> [Available records]:
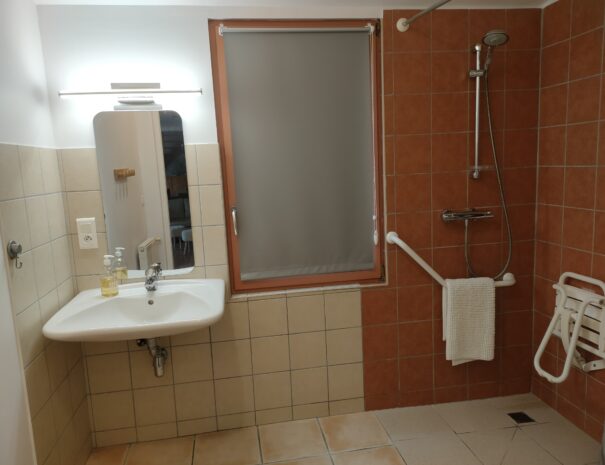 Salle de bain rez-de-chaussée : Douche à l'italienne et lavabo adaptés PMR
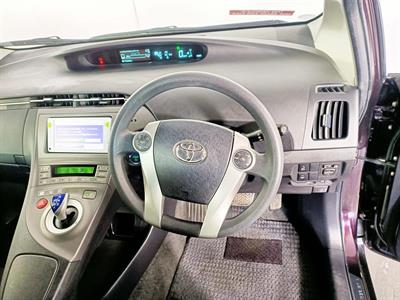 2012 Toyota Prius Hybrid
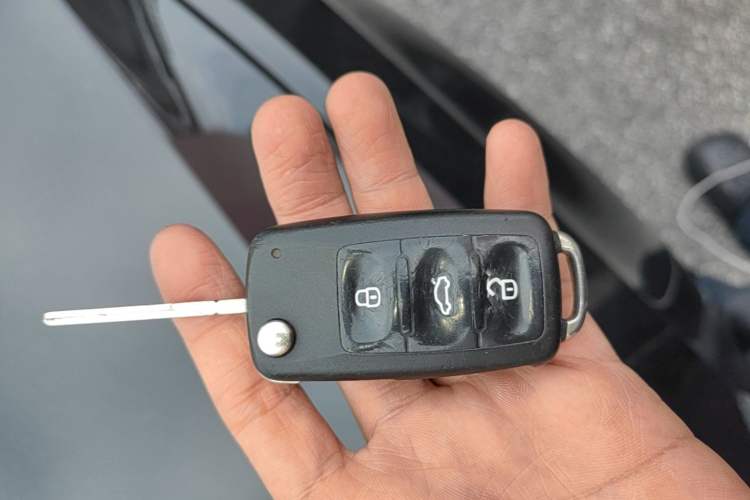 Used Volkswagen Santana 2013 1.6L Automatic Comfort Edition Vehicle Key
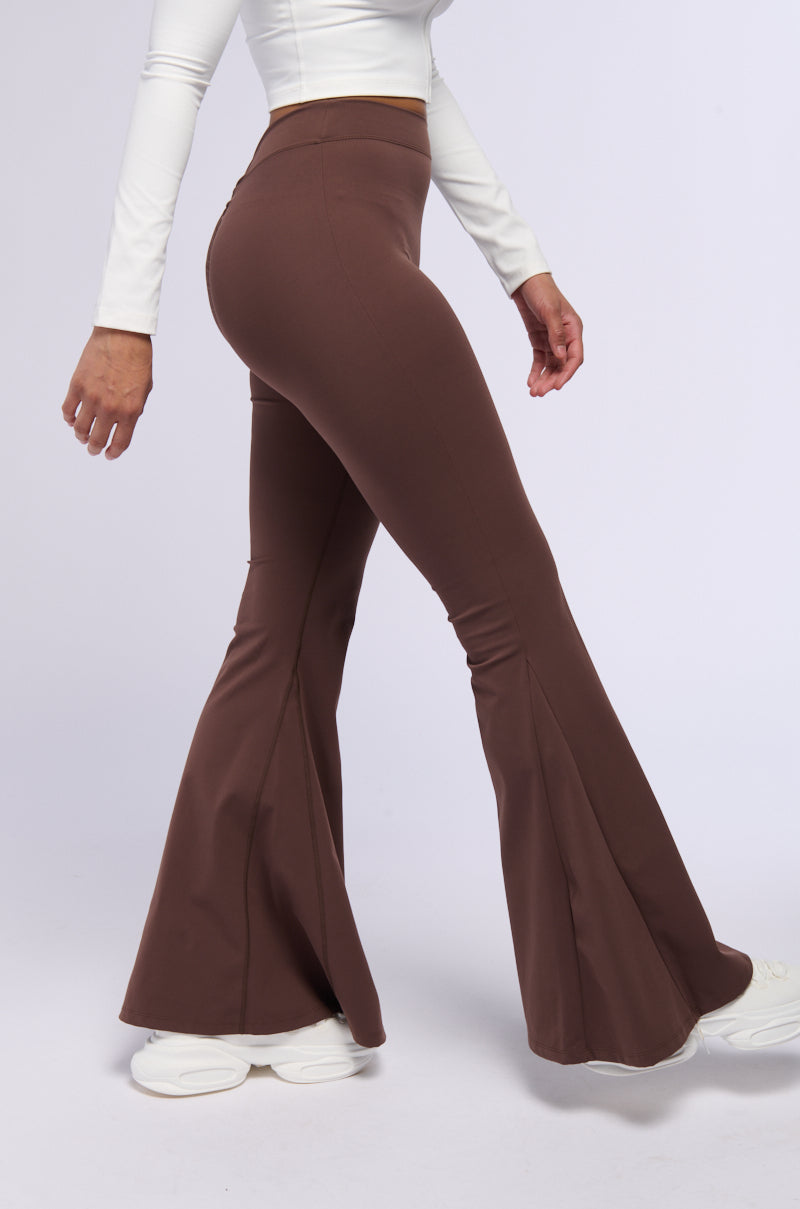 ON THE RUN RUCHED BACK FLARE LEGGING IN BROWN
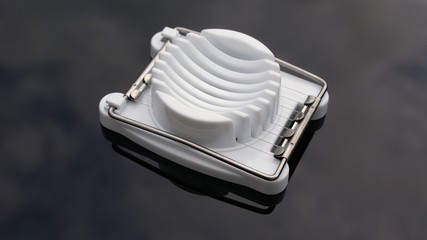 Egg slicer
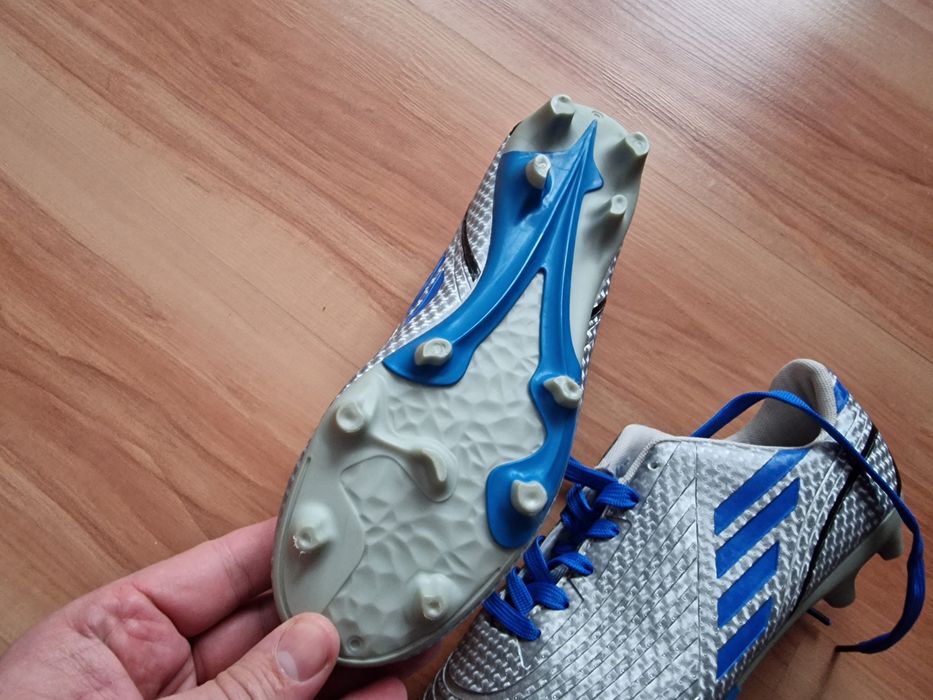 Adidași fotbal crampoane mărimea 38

---

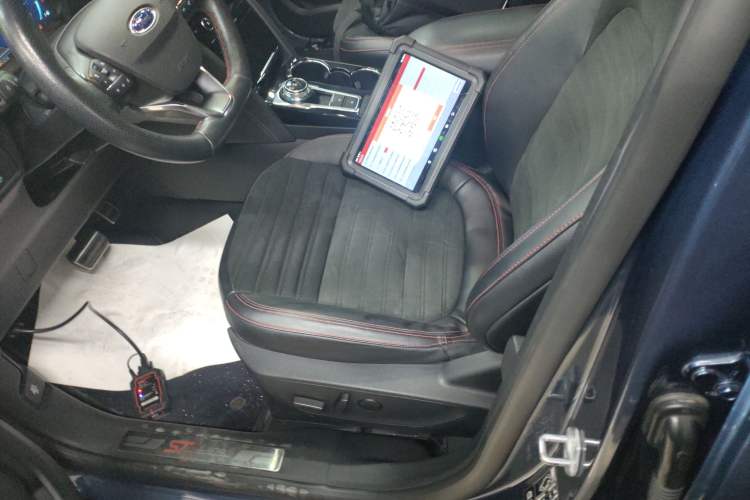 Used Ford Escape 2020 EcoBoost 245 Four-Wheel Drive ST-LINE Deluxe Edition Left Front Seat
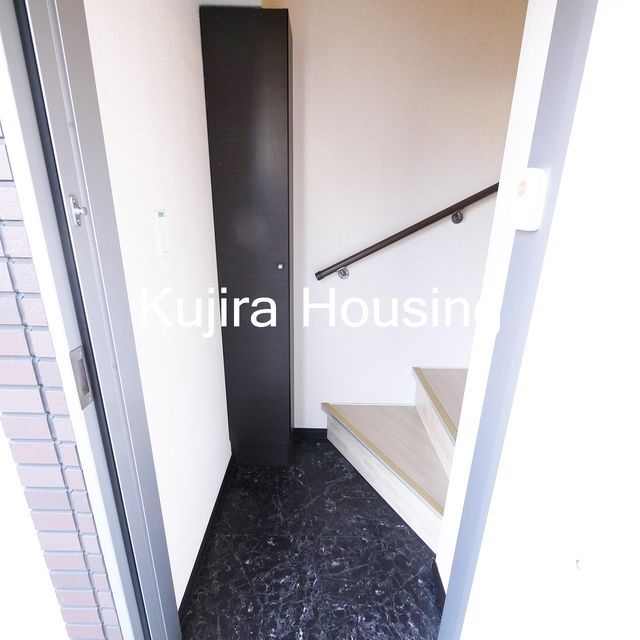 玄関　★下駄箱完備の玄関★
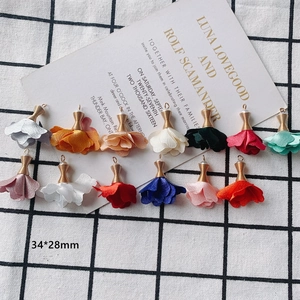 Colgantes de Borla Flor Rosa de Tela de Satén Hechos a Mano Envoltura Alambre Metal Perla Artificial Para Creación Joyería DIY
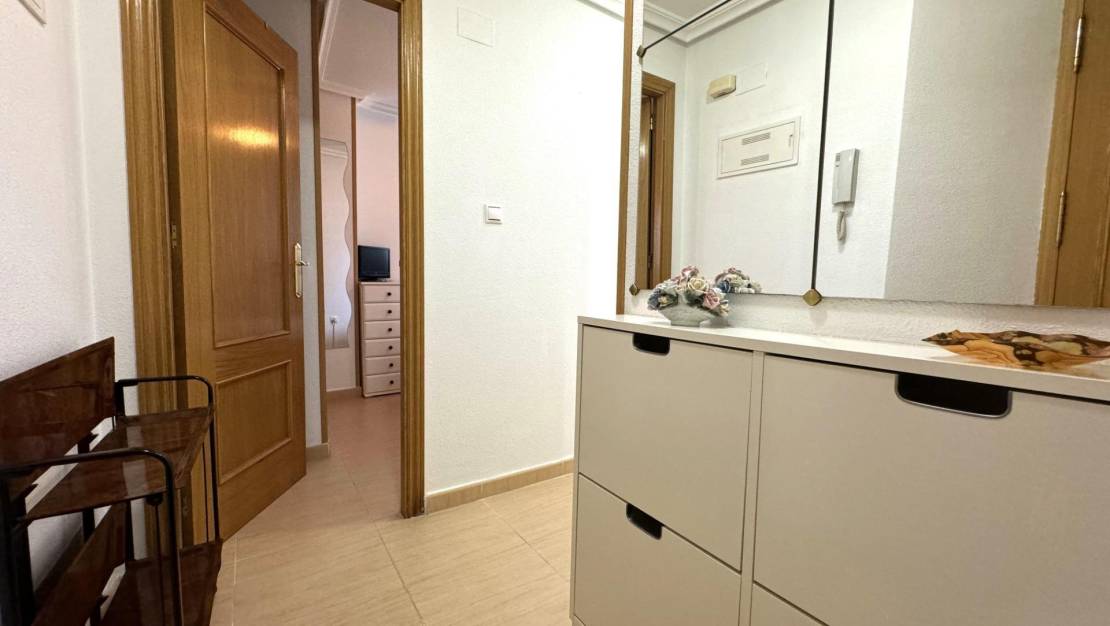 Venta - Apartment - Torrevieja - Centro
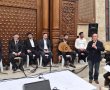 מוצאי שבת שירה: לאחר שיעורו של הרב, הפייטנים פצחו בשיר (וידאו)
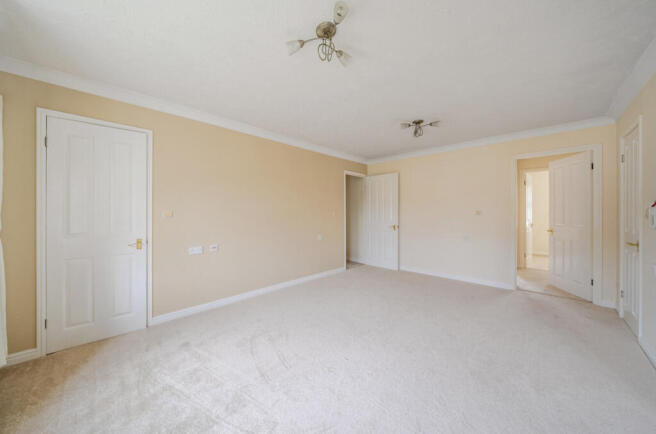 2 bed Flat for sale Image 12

--

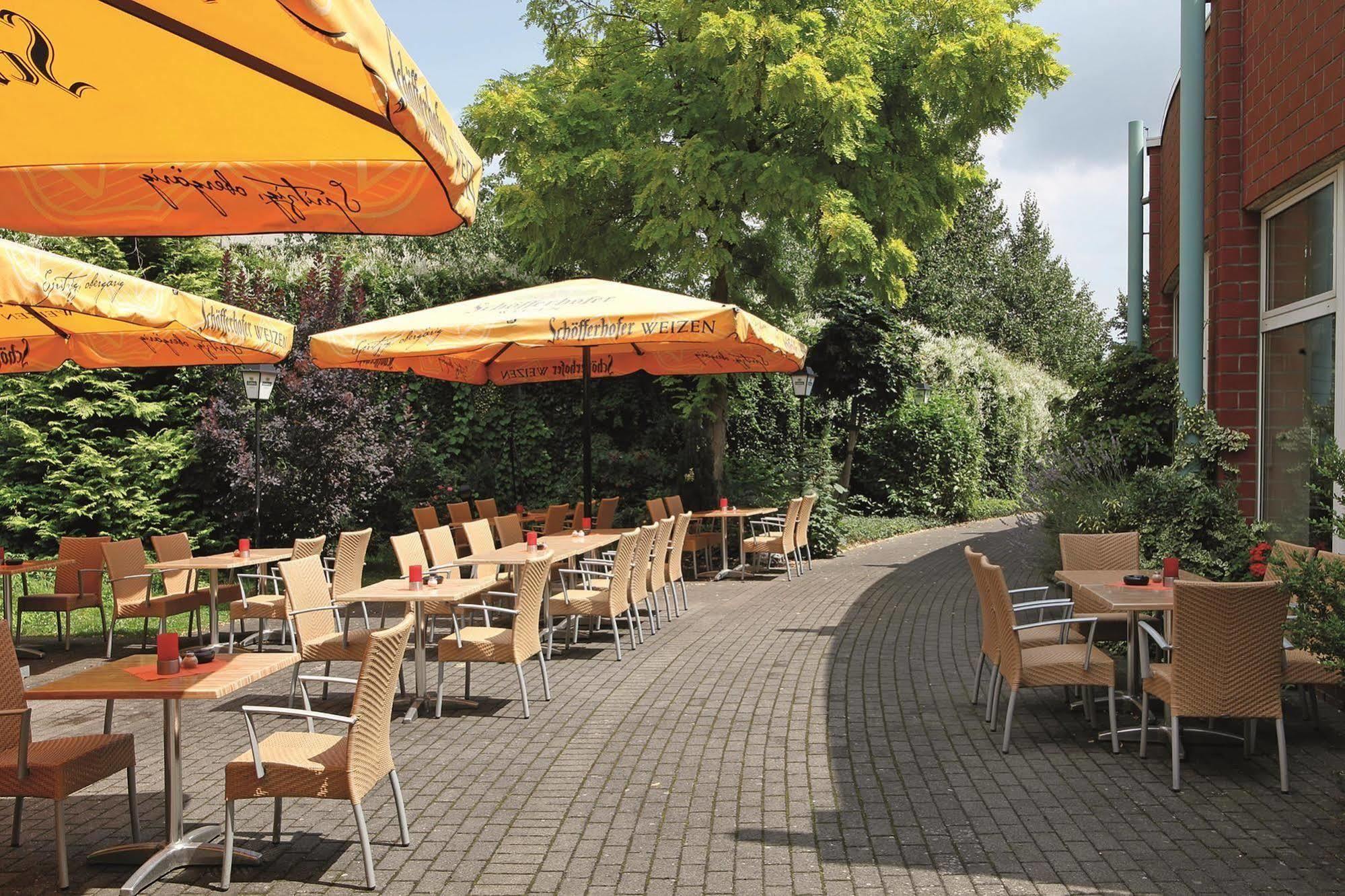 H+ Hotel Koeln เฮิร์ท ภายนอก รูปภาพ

> [Exercise description]: The lines to copy exactly start with the line above that has "Salle de bain" and go on through the line that has "Adidași fotbal crampoane mărimea 38"; please include both, add nothing else, and omit the pictures.

> [Result for this exercise]:
 Salle de bain rez-de-chaussée : Douche à l'italienne et lavabo adaptés PMR
 2012 Toyota Prius Hybrid
 Used Volkswagen Santana 2013 1.6L Automatic Comfort Edition Vehicle Key
 ON THE RUN RUCHED BACK FLARE LEGGING IN BROWN
 Egg slicer
 Adidași fotbal crampoane mărimea 38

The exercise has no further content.